16. Shakya Muni and the
Prodigal Son.
A great trouble with us is
that we do not believe in half the good that we are born with. We are just like
the only son of a well-to-do, as the author of
Saddharma-pundarika-sutra1 tells us, who, being forgetful of his rich
inheritance, leaves his home and leads a life of hand-to-mouth as a coolie. How
miserable it is to see one, having no faith in his noble endowment, burying the
precious gem of Buddha-nature into the foul rubbish of vices and crimes,
wasting his excellent genius in the exertion that is sure to disgrace his name,
falling a prey to bitter remorse and doubt, and casting himself away into the
jaw of perdition. Shakya Muni, full of fatherly love towards all beings, looked
with compassion on us, his prodigal son, and used every means to restore the
half-starved man to his home.
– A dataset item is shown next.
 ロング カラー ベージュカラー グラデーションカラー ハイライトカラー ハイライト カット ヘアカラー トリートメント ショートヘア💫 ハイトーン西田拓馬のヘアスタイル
It was for this that he left the palace and the
beloved wife and son, practised his self-mortification and prolonged
Meditation, attained to Enlightenment, and preached Dharma for forty-nine
years; in other words, all his strength and effort were focussed on that single
aim, which was to bring the prodigal son to his rich mansion of Buddha-nature.
He
taught not only by words,
but by his own actual example, that man has Buddha-nature, by the unfoldment of
which he can save himself from the miseries of life and death, and bring
himself to a higher realm than gods. When we are Enlightened, or when Universal
Spirit awakens within us, we open the inexhaustible store of virtues and
excellencies, and can freely make use of them at our will.